Petroleo Brasileiro SA reduced investments by 25 percent and is accelerating asset disposals in its latest business plan as it downsizes to withstand low international oil prices amid Brazil’s deepest two-year recession on record.
The 2017-2021 plan, the first drafted under Chief Executive Officer Pedro Parente, focuses on accelerating debt reduction and retreating from peripheral businesses such as biofuels, fertilizers and petrochemicals, the state-controlled company said in a statement Tuesday.
Petrobras, as the Rio de Janeiro-based oil producer is known, has reduced its five-year investment goal to $74.1 billion, down from from $98.4 billion in the most recent plan. The shares gained 1.9 percent at 9:37 a.m. in New York.
Investors are closely watching the company’s ability to reduce leverage after its debt surged during the commodities boom because it was subsidizing fuel imports as part of a government push to control inflation.

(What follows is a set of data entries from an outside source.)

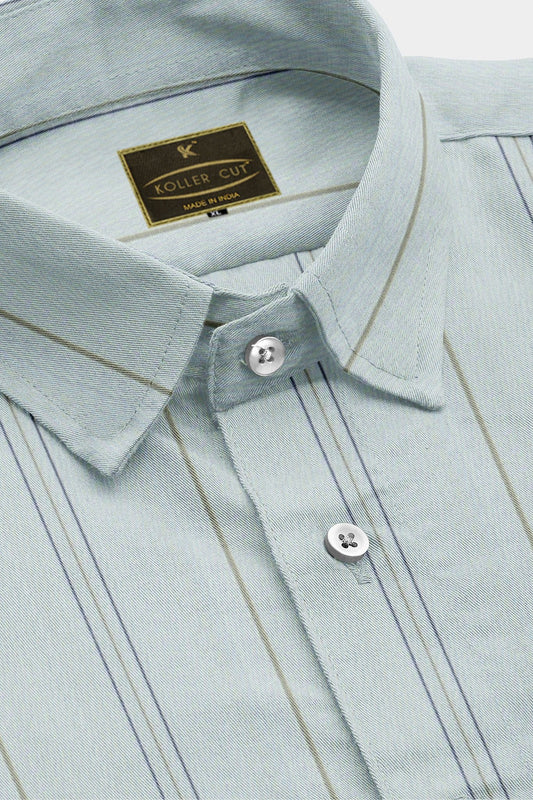 Pastel Mint Green with Cedar Brown and Navy Hairline Stripes Giza Cotton  Shirt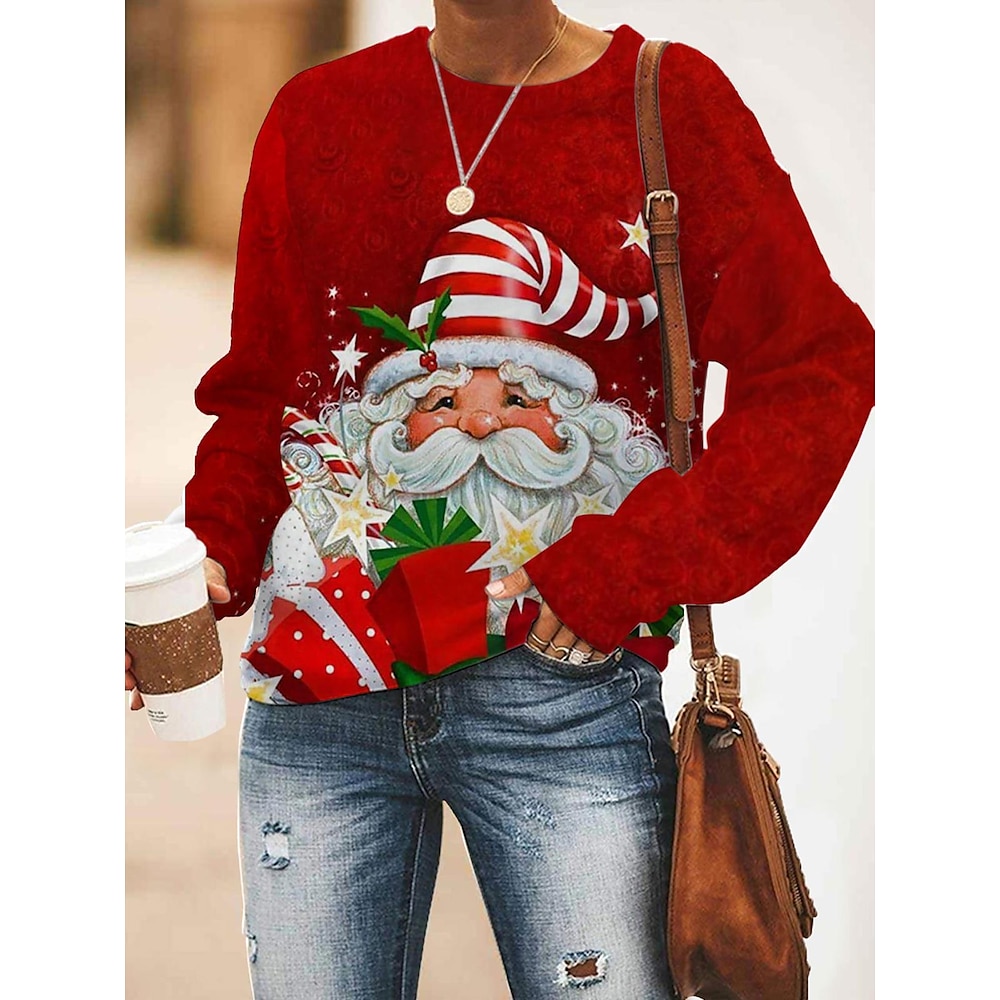 Weihnachts-Sweatshirt für Damen mit festlichem Weihnachtsmann-Print, langärmelig, roter Samt, lässiger Pullover für die Feiertage, Winterbekleidung, Übergröße, bequeme Wärme Lightinthebox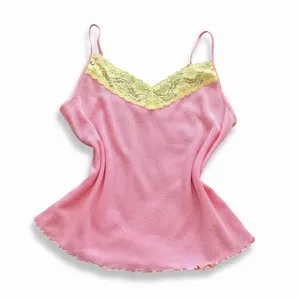 Vintage Y2K GAP Body Pink Waffle Knit Lace Cami‎ Top Medium Coquette thumbnail 6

Net debt-to-EBITDA is expected to fall to 2.5 in 2018, faster than the internal leverage targets set in previous plans.
“This is likely to please the market given the cut in investment,” said Caio Carvalhal, an analyst at brokerage Brasil Plural CCTV.

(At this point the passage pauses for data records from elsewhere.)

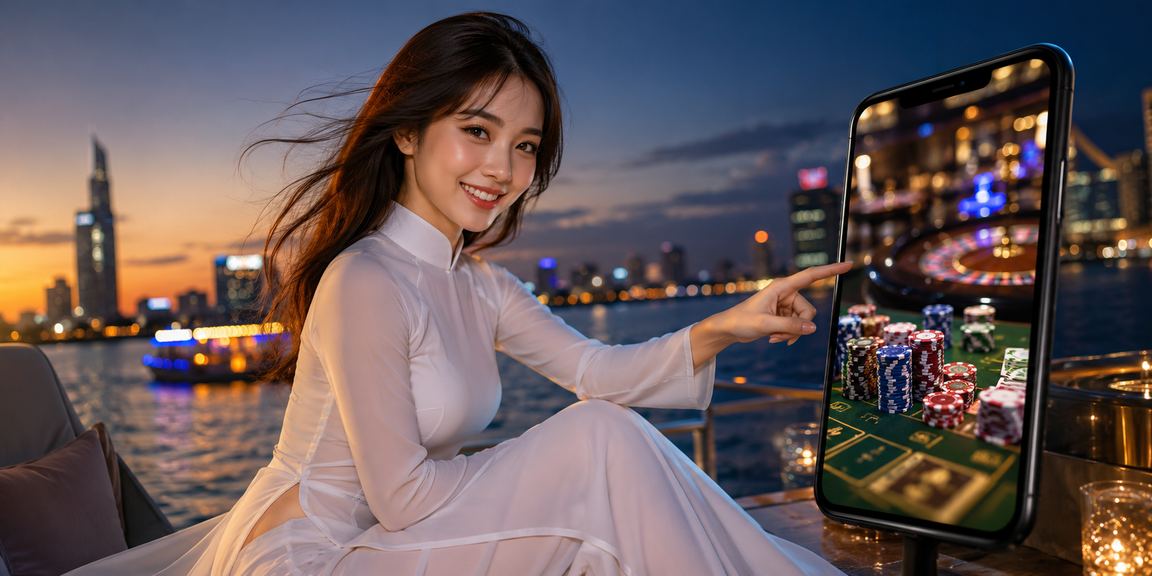 Người dùng Sài Gòn trải nghiệm casino di động với trang phục áo dài truyền thống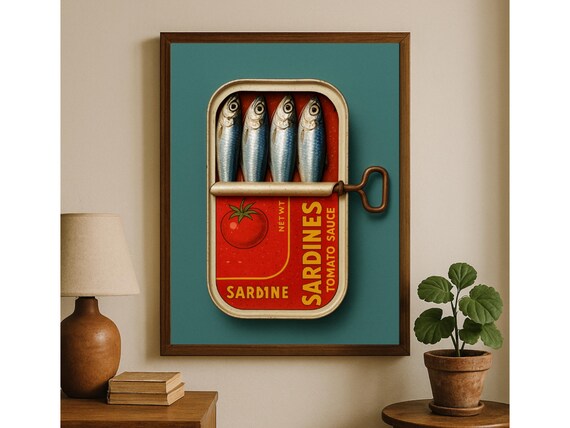 Vintage Sardines Tomato Sauce Tin Retro Coastal Kitchen Art Poster
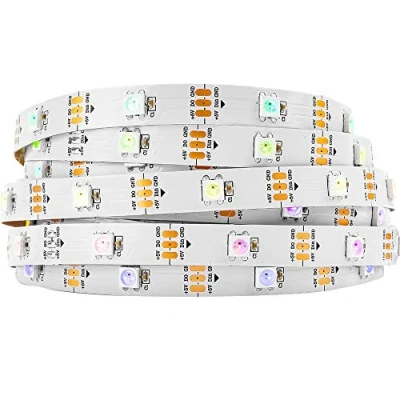 Image of BTF Lighting WS2812B 16.4ft 5m 30LEDs/Pixels/m Individually Addressable 5050SMD LED Strip White PCB Full Color Flexible Pixel Dream IP30 Non Waterproof DC5V for Indoor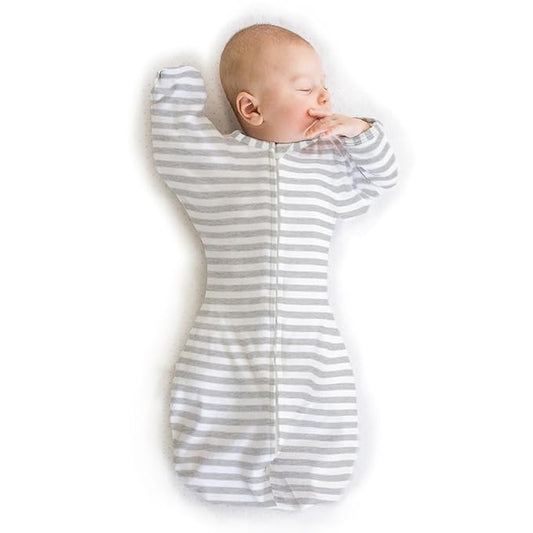 SwaddleDesigns Transitional Swaddle Sack, Arms Up Half-Length Sleeves & Mitten Cuffs, Swaddle for Newborn Transition to Baby Sleep Sack Wearable Blanket, 6-9 Month, 21-24 lb, Heathered Gray Stripes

Petrobras is pursuing one of the most ambitious divestment plans since BP Plc sold more than $30 billion in a downsizing strategy after the Deepwater Horizon oil spill.
The state-controlled company plans to raise an additional $19.5 billion from divestments in 2017 and 2018, more than the $15.1 billion asset sale target for the two years through the end of 2016. The focus of future investments will be on deep-water projects with low break-even costs, the company said.
Domestic oil production is targeted to grow to 2.77 million barrels a day in 2021, with total oil and gas production, including foreign operations, reaching 3.4 million barrels of oil and equivalents.
Petrobras planned to produce 2.7 million barrels a day of oil in Brazil in 2020 in the previous plan.
Petrobras is developing the largest group of offshore discoveries this century in the South Atlantic, and said it will prioritize partnerships with other producers to share experience and technology.
“The long-term story is highly dependent on higher oil prices to provide cash-flow debt reduction,” Bank of America Merrill Lynch analysts Frank McGann and Vicente Falanga Neto said in a September 14 note to clients.